ASSIGNMENT:
For this exercise, repeat the records below exactly and omit every picture.

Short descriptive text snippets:
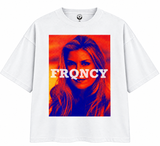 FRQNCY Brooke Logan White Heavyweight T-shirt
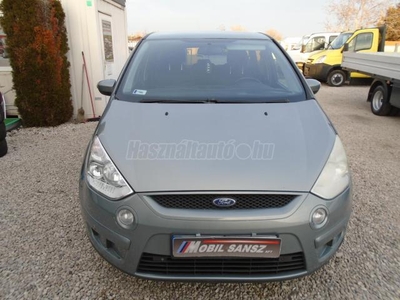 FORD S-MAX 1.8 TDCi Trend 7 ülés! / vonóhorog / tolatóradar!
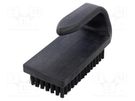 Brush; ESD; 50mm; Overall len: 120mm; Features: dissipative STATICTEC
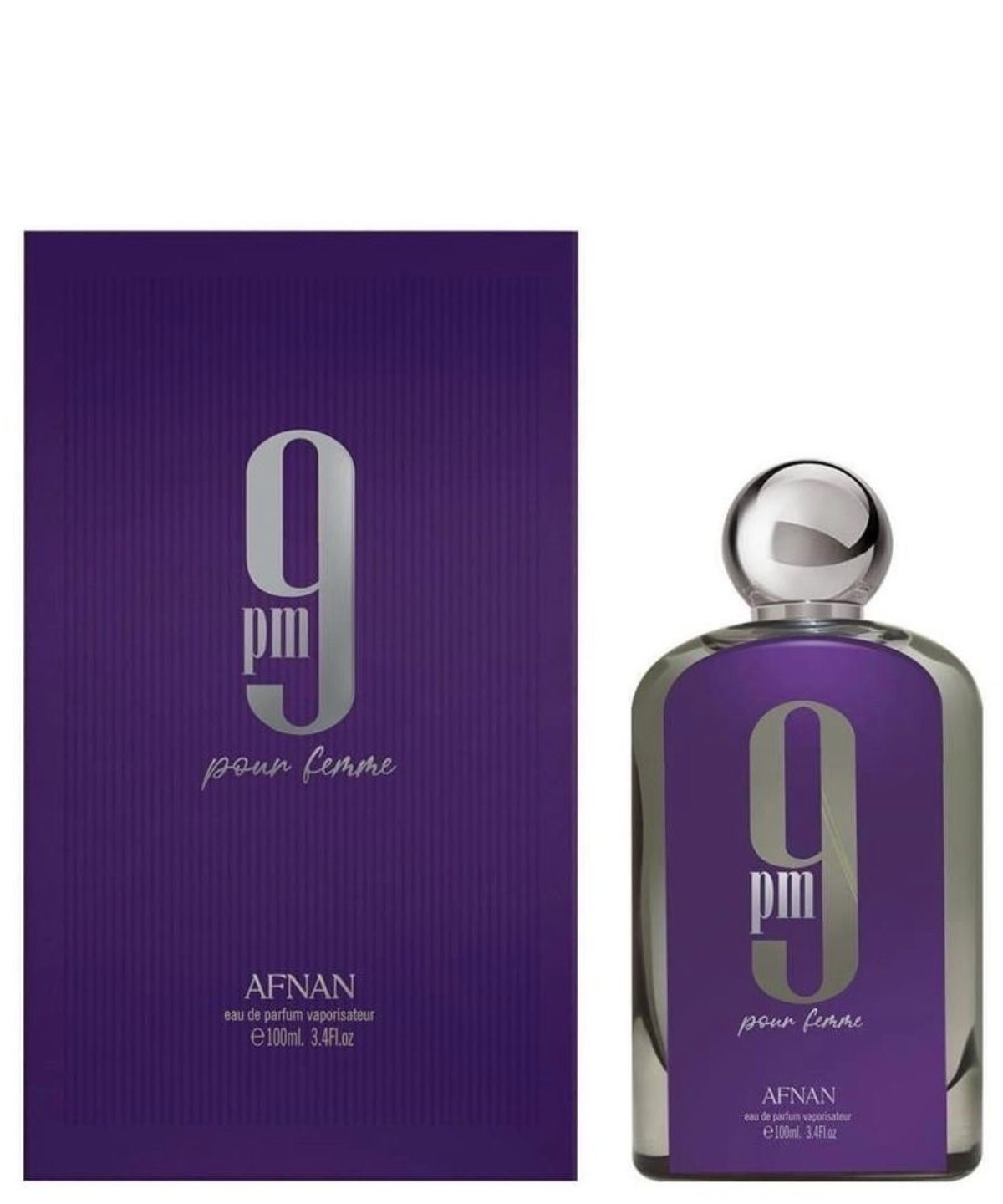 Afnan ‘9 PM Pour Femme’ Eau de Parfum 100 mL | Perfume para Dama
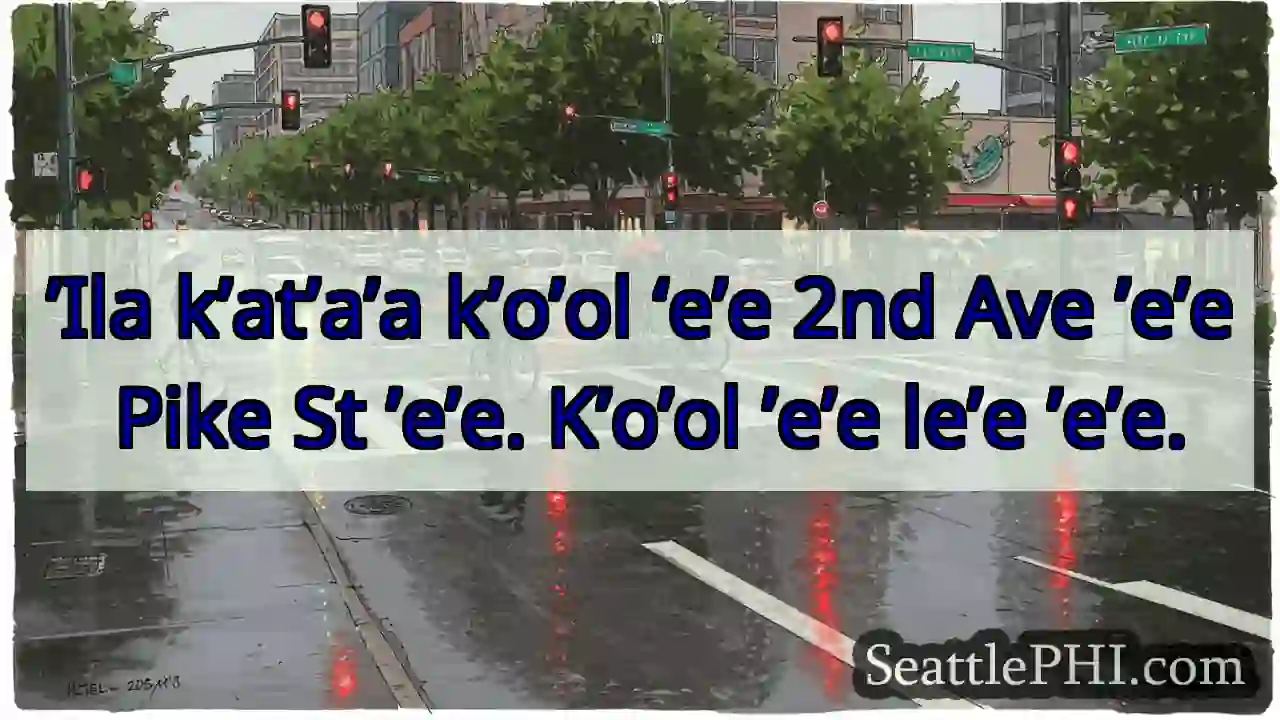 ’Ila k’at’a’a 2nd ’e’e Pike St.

SOLUTION TO THIS EXERCISE:
 FRQNCY Brooke Logan White Heavyweight T-shirt
 FORD S-MAX 1.8 TDCi Trend 7 ülés! / vonóhorog / tolatóradar!
 Brush; ESD; 50mm; Overall len: 120mm; Features: dissipative STATICTEC
 Afnan ‘9 PM Pour Femme’ Eau de Parfum 100 mL | Perfume para Dama
 ’Ila k’at’a’a 2nd ’e’e Pike St.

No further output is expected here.